→ **Problem to work on**:
In this exercise, the entries below include pictures. Repeat exactly the lines from the line with "andy warhol 桌布" to the line with "Formal dining room", including both, but without the pictures.

→ **Records provided**:
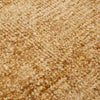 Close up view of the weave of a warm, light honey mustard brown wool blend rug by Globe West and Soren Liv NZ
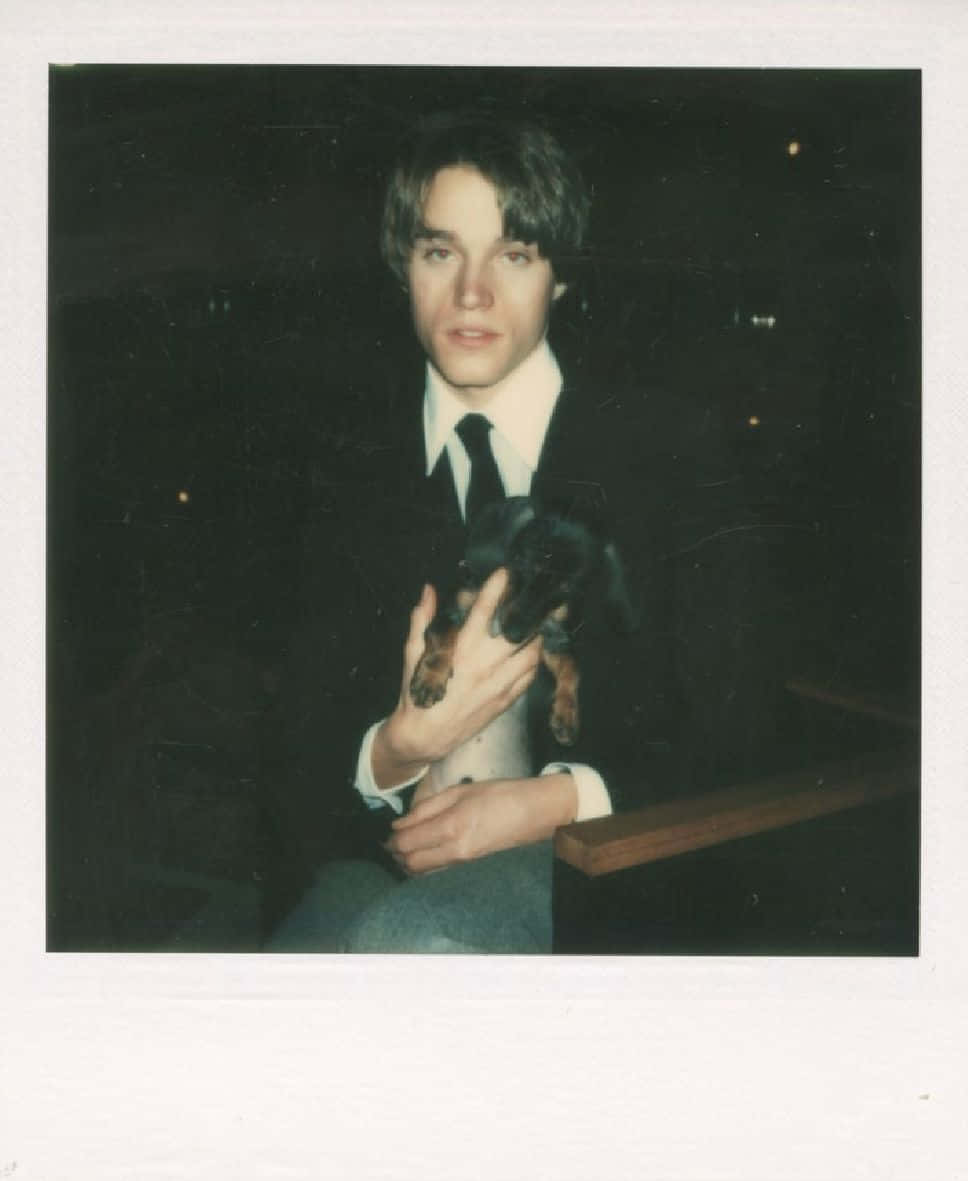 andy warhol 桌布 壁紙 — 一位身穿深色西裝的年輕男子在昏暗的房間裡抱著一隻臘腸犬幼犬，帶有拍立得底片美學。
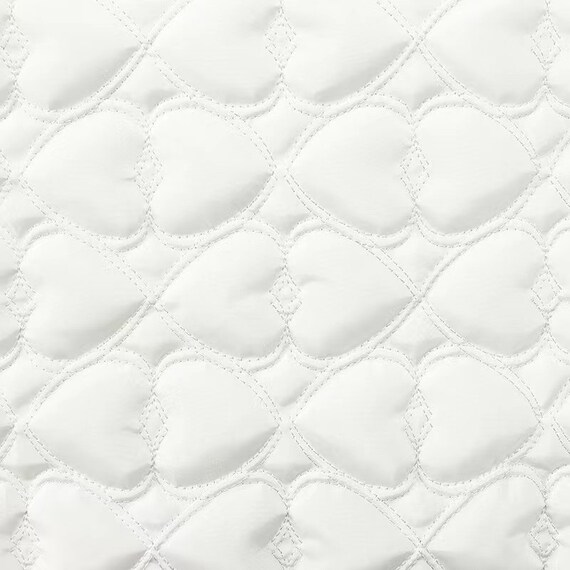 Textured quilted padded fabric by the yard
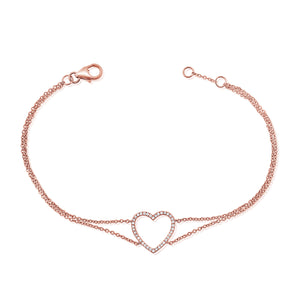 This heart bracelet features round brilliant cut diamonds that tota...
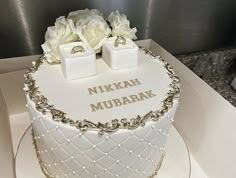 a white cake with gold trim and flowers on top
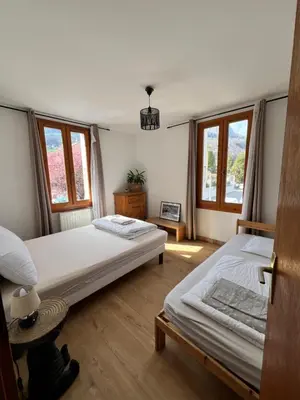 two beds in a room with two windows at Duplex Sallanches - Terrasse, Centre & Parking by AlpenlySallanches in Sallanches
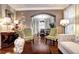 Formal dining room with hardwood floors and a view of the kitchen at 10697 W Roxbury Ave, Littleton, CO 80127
* * *
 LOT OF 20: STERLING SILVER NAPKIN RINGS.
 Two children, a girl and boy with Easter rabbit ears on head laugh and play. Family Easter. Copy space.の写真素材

→ **Task result**:
 andy warhol 桌布 壁紙 — 一位身穿深色西裝的年輕男子在昏暗的房間裡抱著一隻臘腸犬幼犬，帶有拍立得底片美學。
 Textured quilted padded fabric by the yard
 This heart bracelet features round brilliant cut diamonds that tota...
 a white cake with gold trim and flowers on top
 two beds in a room with two windows at Duplex Sallanches - Terrasse, Centre & Parking by AlpenlySallanches in Sallanches
 Formal dining room with hardwood floors and a view of the kitchen at 10697 W Roxbury Ave, Littleton, CO 80127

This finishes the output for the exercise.